Extracted data entries:
====
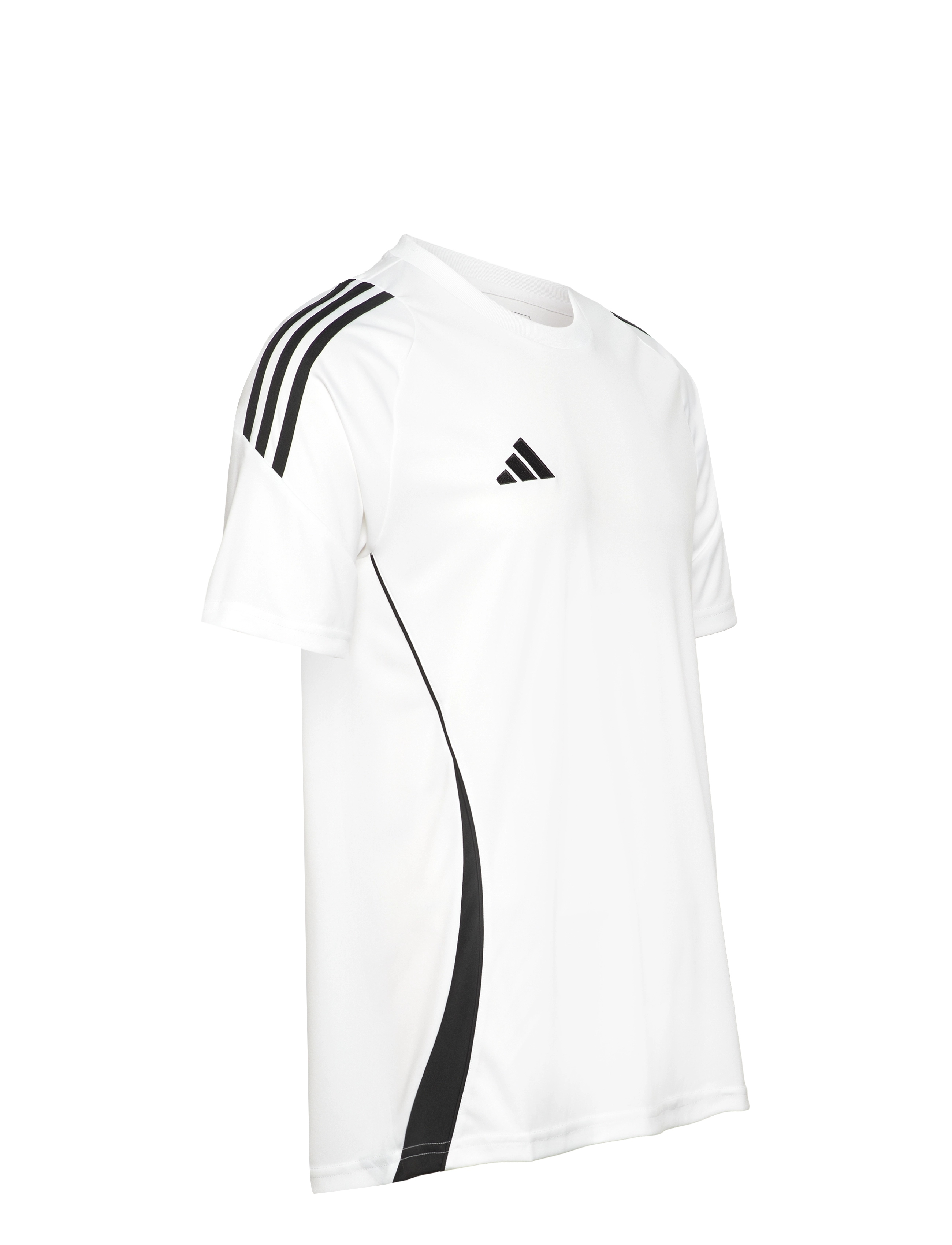 adidas Performance - TIRO24 JSY - t-shirts - white/black - 3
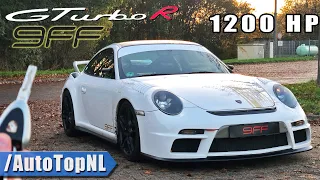 1200HP Porsche 9ff 911 GT3 *HUGE TURBO* REVIEW on AUTOBAHN [NO SPEED LIMIT] by AutoTopNL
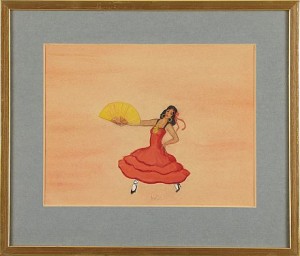 Flamenco by Ingrid Von DARDEL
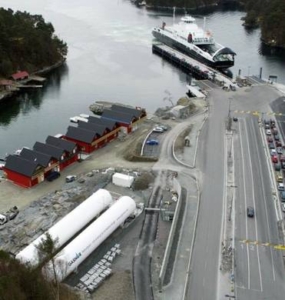 Brunsbüttel baut LNG-Bunkerstation auf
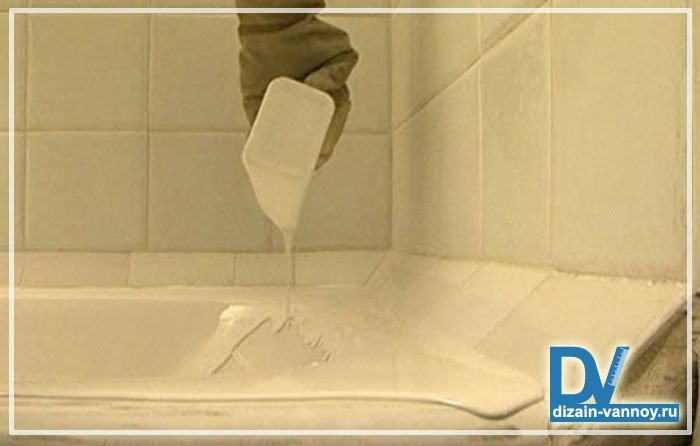 Покриття ванни акрилом своїми руками, фарбування та емалювання акрилом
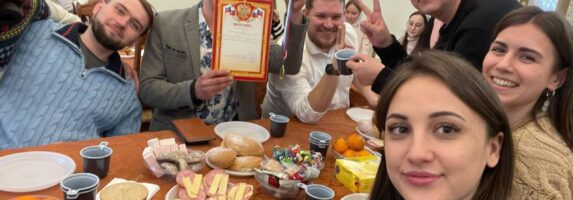 1-е место в интеллектуальной игре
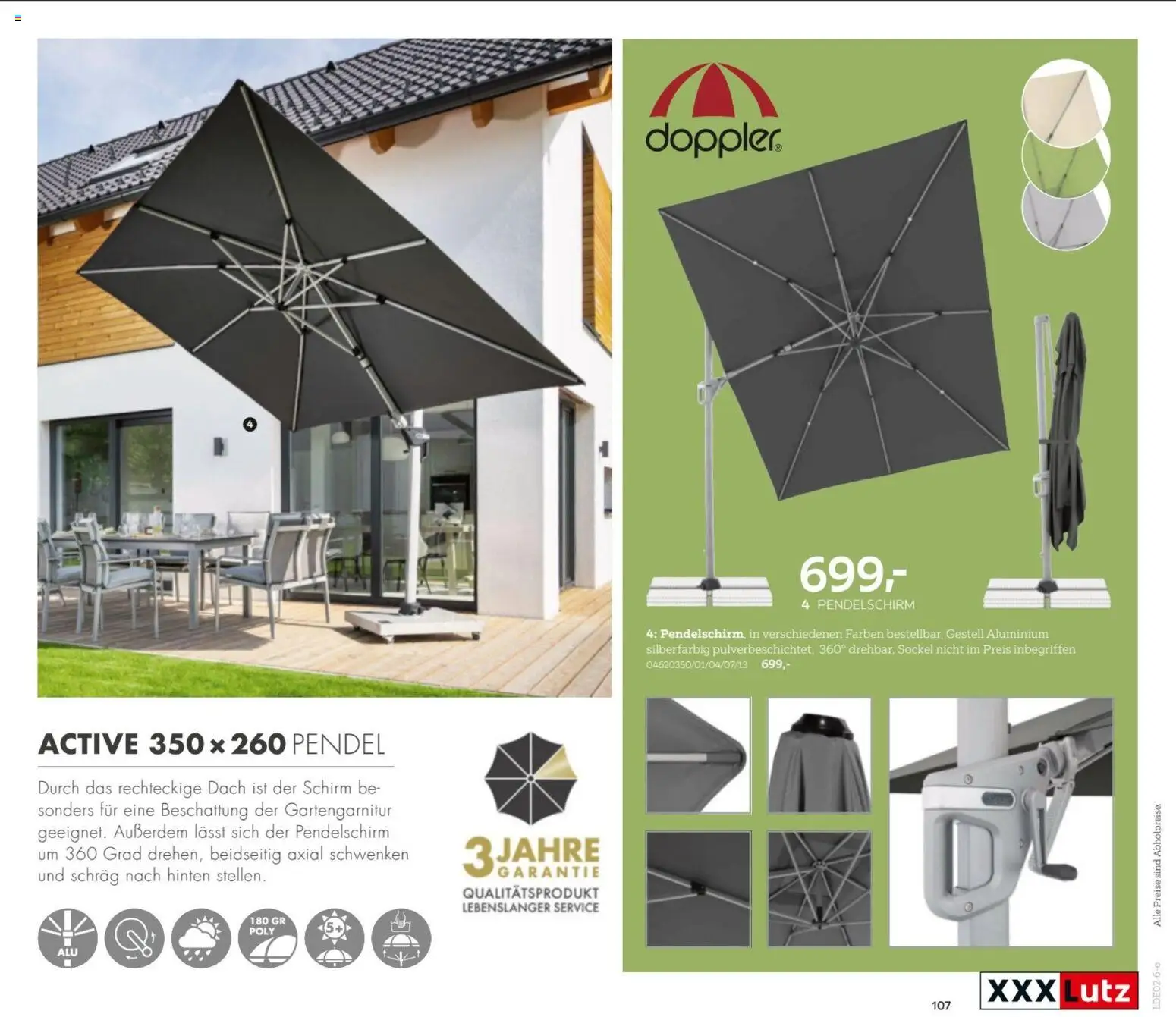 XXXL Lutz My Home Garten - Seite 107 - gültig ab 23.02.2026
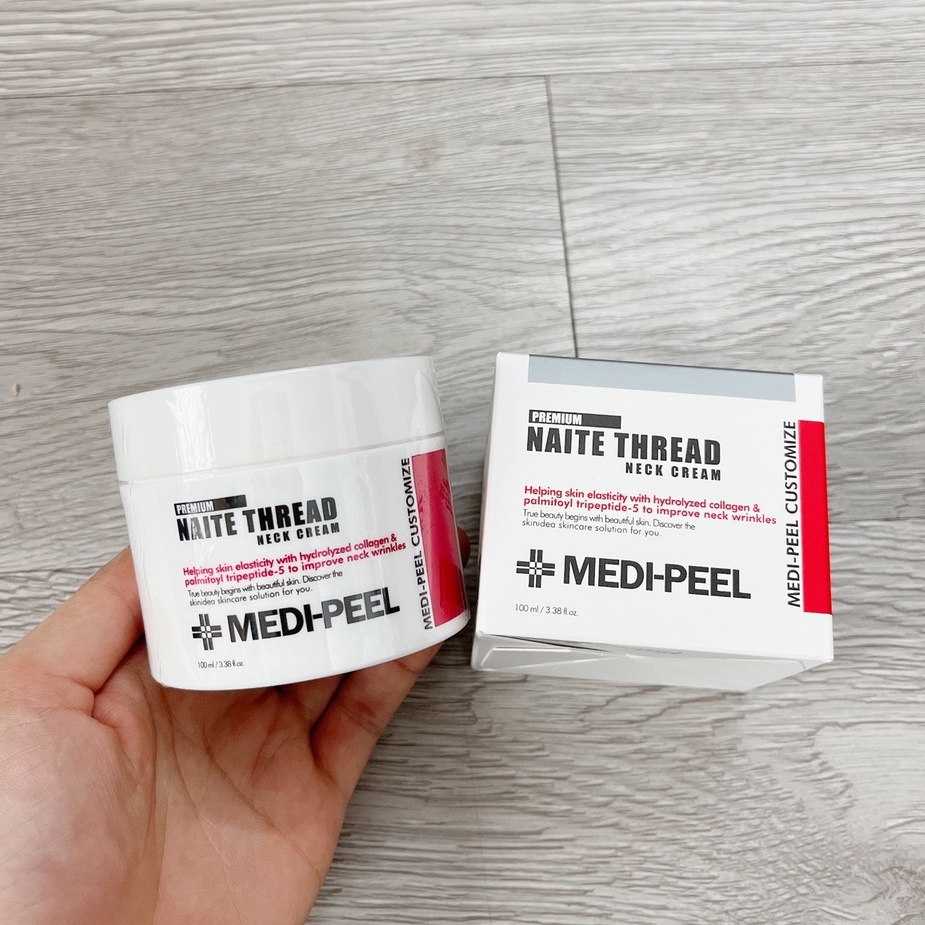 Kem Dưỡng Da Cổ Naite Thread Neck Medi Peel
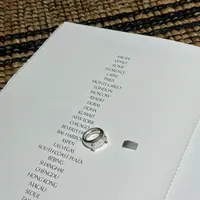 月球来信355和田玉可拆卸蛋面品牌设计款机关戒指基础版多样发一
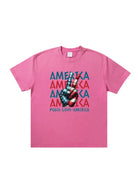 Peace Love America Independence Day Custom T-shirts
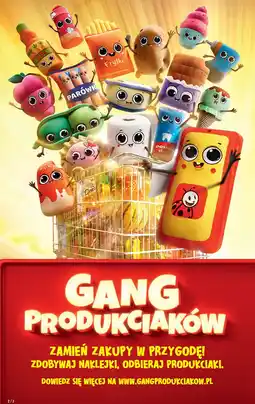 Biedronka Gang produkciaków Biedronka oferta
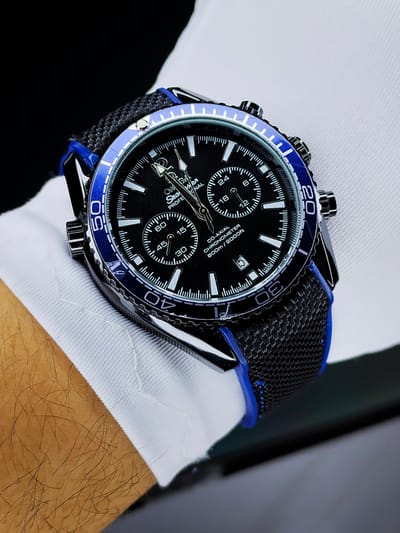 Omega seamaster (black blue)_img_1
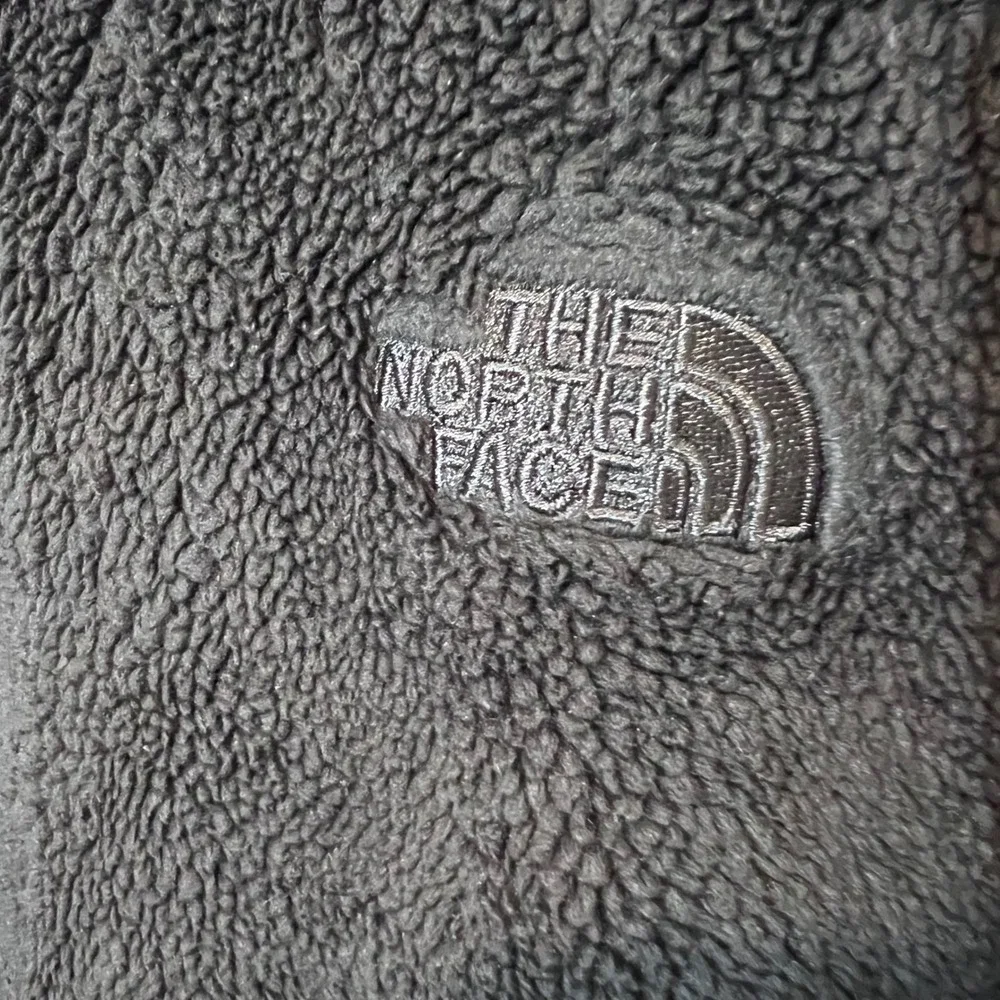 The‎ North Face Womens Osito High Pile Black Fleece Vest Full Zip Size Small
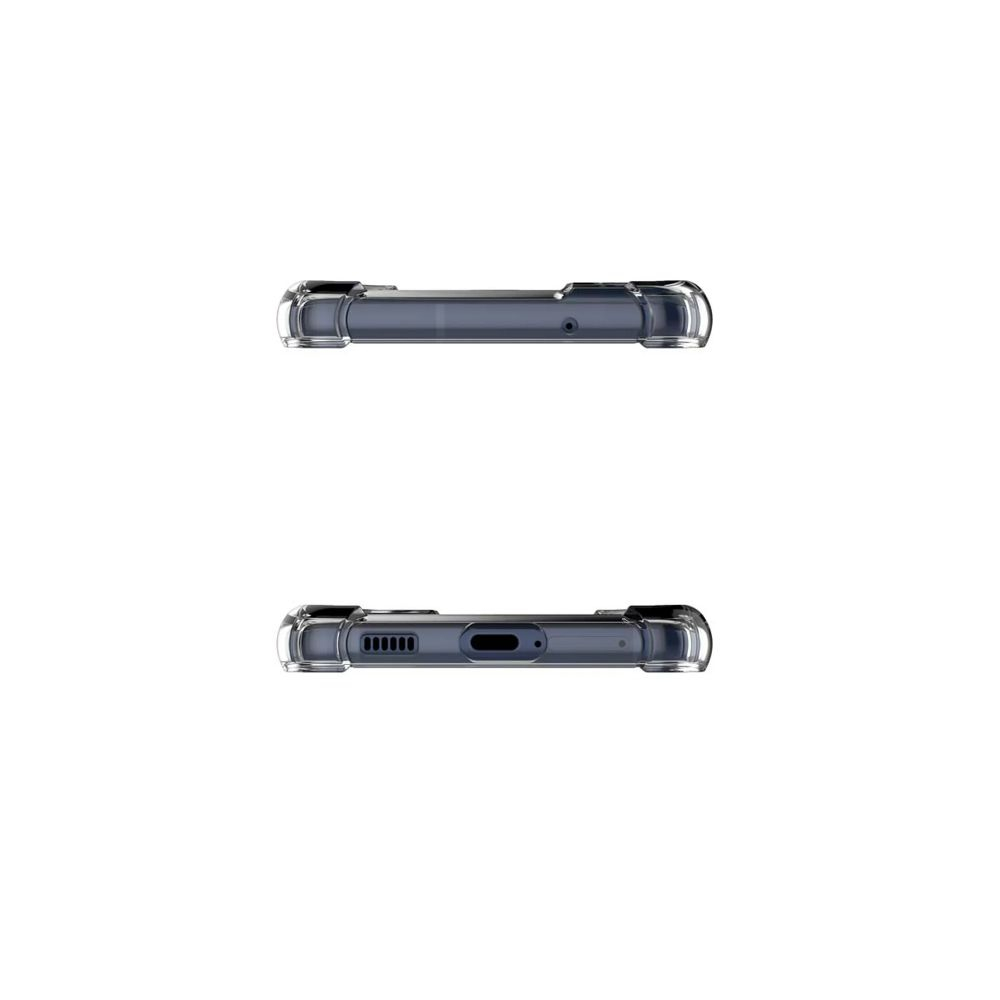 Husa de silicon antisoc pentru Xiaomi 17T Transparent [5]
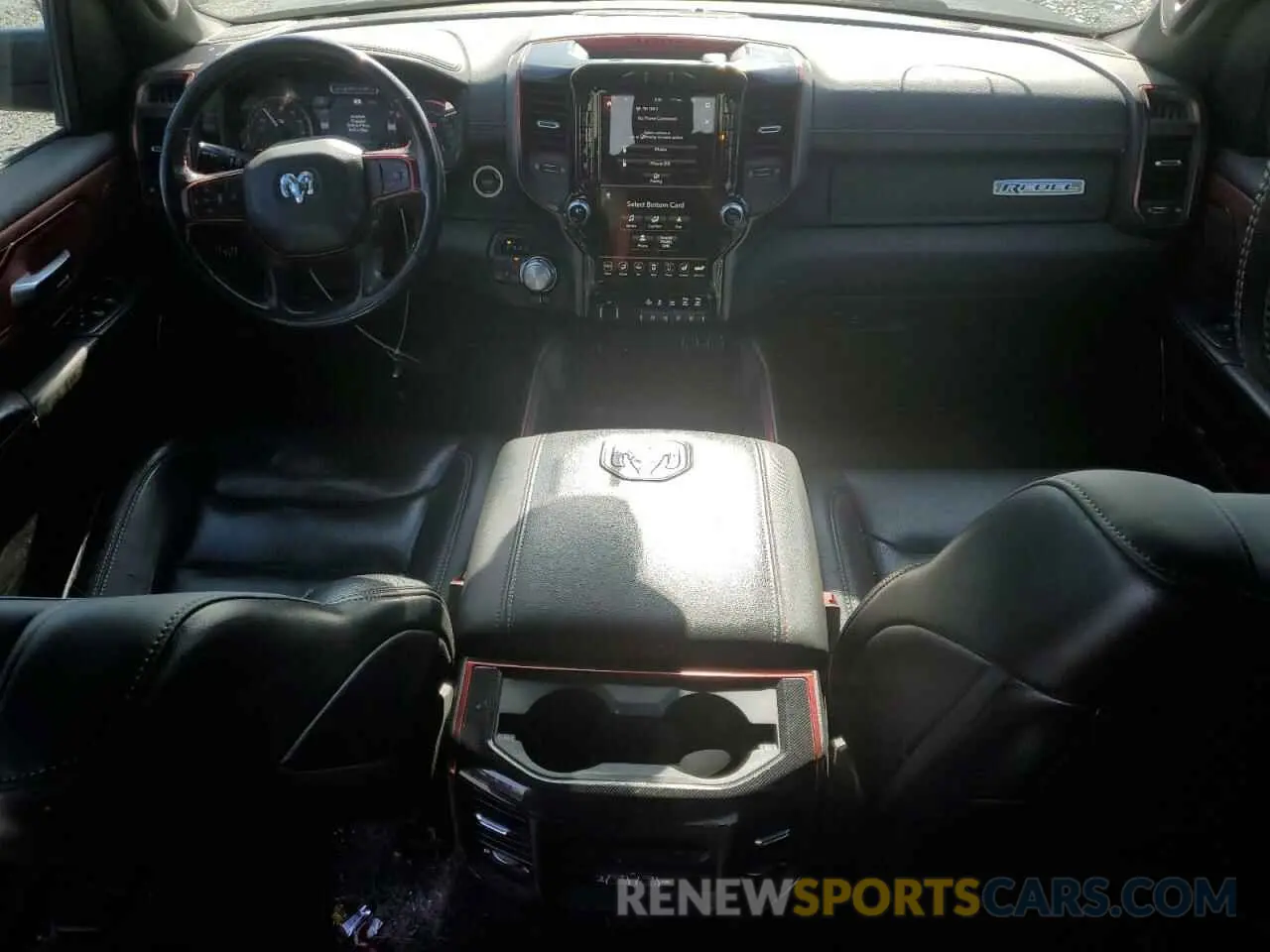 8 Photograph of a damaged car 1C6SRFLTXKN746640 RAM 1500 2019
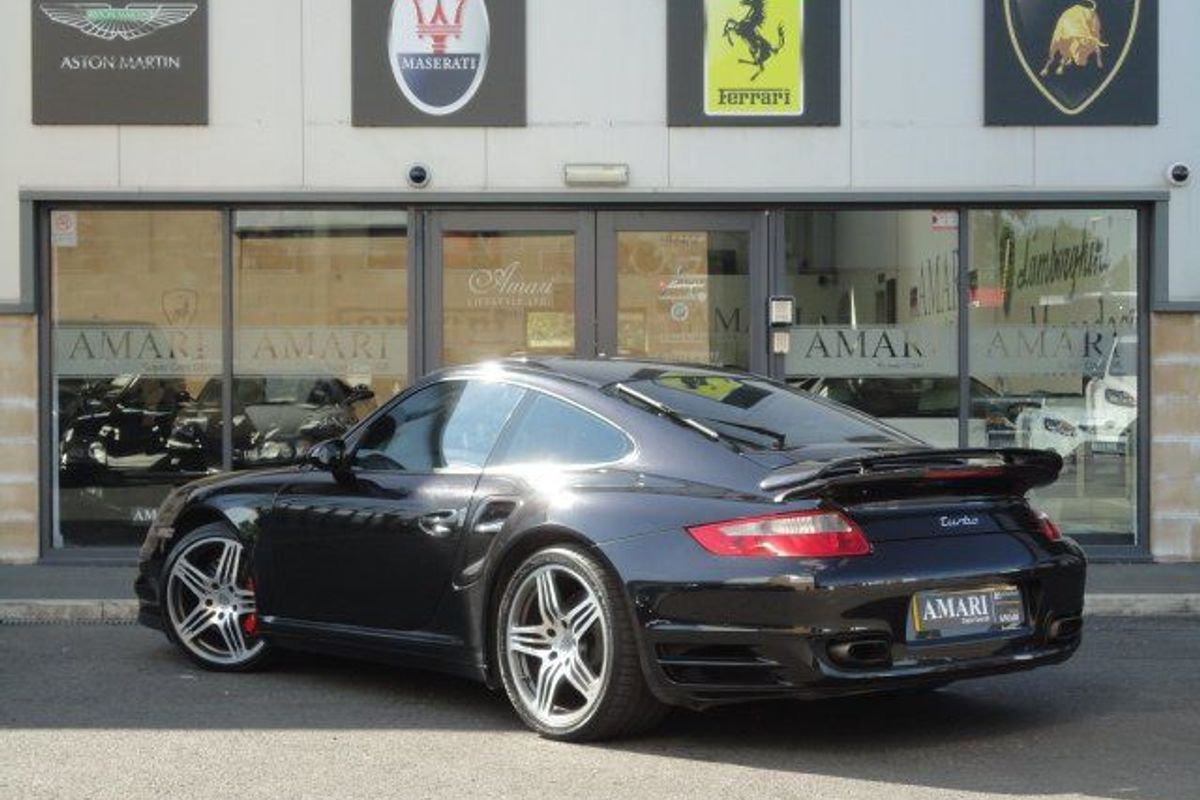 PORSCHE 997 Turbo Tip S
====
## [THE PROBLEM]
Exact copies of the entries above are needed, without their pictures.

## [TASK RESULT]
 adidas Performance - TIRO24 JSY - t-shirts - white/black - 3
 1200HP Porsche 9ff 911 GT3 *HUGE TURBO* REVIEW on AUTOBAHN [NO SPEED LIMIT] by AutoTopNL
 Flamenco by Ingrid Von DARDEL
 Brunsbüttel baut LNG-Bunkerstation auf
 Покриття ванни акрилом своїми руками, фарбування та емалювання акрилом
 1-е место в интеллектуальной игре
 XXXL Lutz My Home Garten - Seite 107 - gültig ab 23.02.2026
 Kem Dưỡng Da Cổ Naite Thread Neck Medi Peel
 月球来信355和田玉可拆卸蛋面品牌设计款机关戒指基础版多样发一
 Peace Love America Independence Day Custom T-shirts
 Biedronka Gang produkciaków Biedronka oferta
 Omega seamaster (black blue)_img_1
 The‎ North Face Womens Osito High Pile Black Fleece Vest Full Zip Size Small
 Husa de silicon antisoc pentru Xiaomi 17T Transparent [5]
 8 Photograph of a damaged car 1C6SRFLTXKN746640 RAM 1500 2019
 PORSCHE 997 Turbo Tip S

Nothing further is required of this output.